TASK DETAILS: In the records that follow, find the line containing "This video has" and the line containing "Thank you, Paolo, for", then transcribe both and every line between them exactly, omitting pictures.

INPUT:
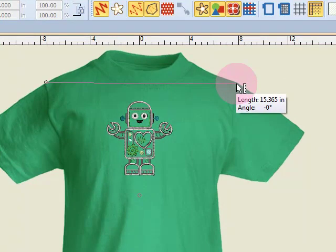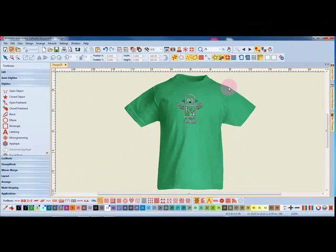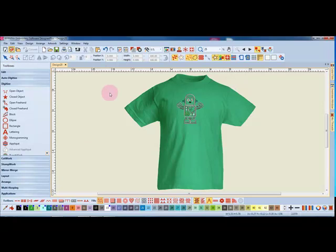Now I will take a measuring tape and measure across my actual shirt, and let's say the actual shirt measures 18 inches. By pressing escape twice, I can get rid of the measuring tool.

---

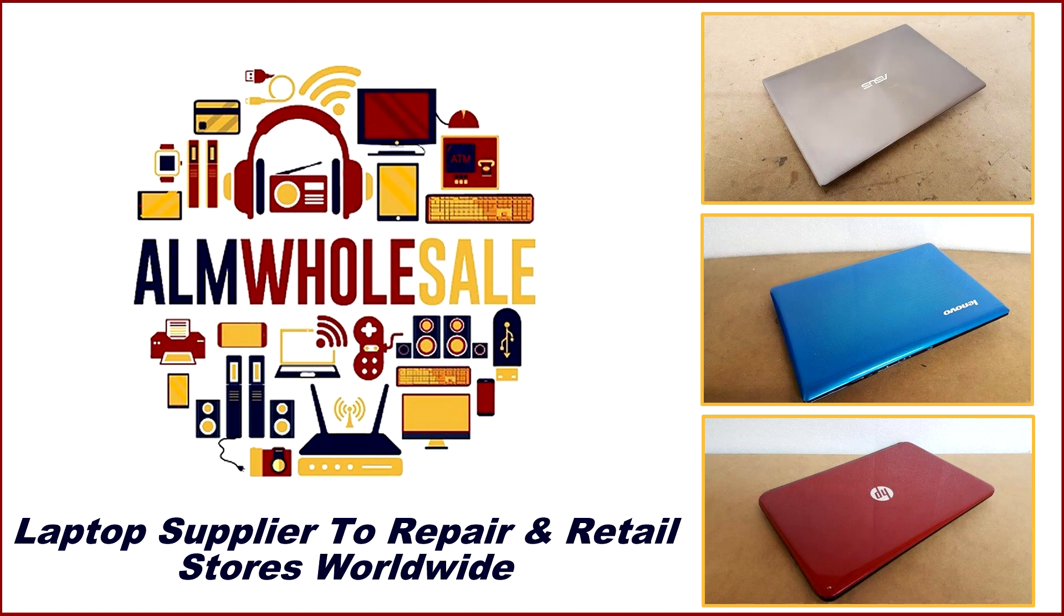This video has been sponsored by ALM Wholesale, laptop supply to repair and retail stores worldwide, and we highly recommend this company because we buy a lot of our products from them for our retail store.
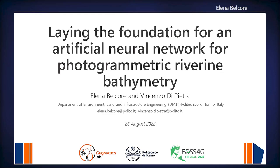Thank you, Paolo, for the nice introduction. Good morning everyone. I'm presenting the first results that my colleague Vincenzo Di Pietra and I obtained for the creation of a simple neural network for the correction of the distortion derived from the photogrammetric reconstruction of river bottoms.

==

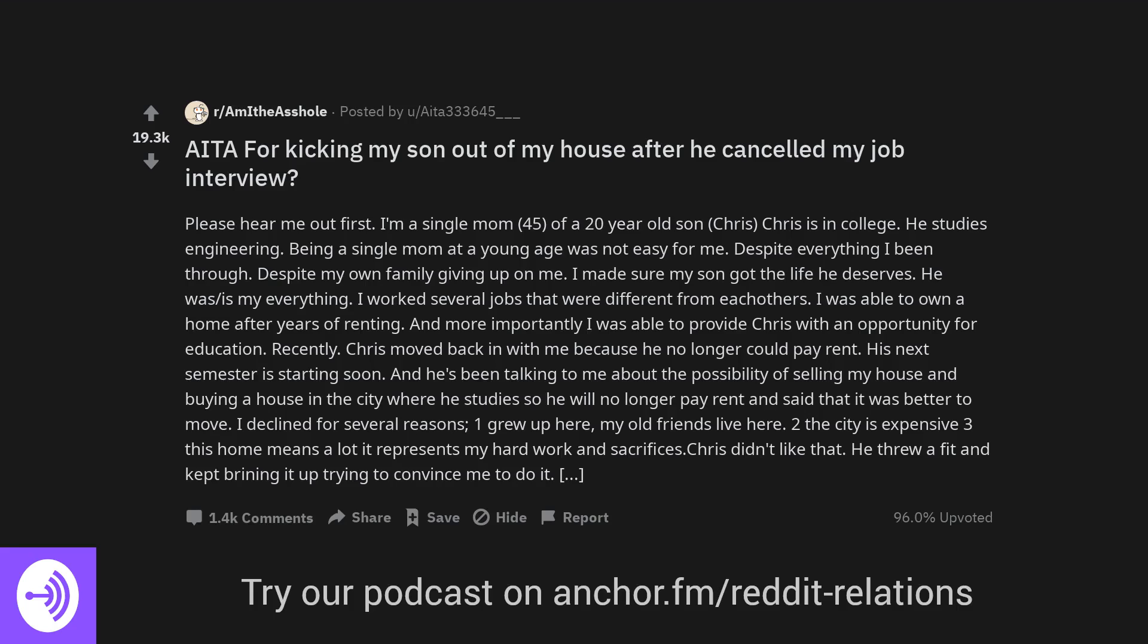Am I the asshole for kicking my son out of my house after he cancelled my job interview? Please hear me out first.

ANSWER TO THE PROBLEM:
This video has been sponsored by ALM Wholesale, laptop supply to repair and retail stores worldwide, and we highly recommend this company because we buy a lot of our products from them for our retail store.
Thank you, Paolo, for the nice introduction. Good morning everyone. I'm presenting the first results that my colleague Vincenzo Di Pietra and I obtained for the creation of a simple neural network for the correction of the distortion derived from the photogrammetric reconstruction of river bottoms.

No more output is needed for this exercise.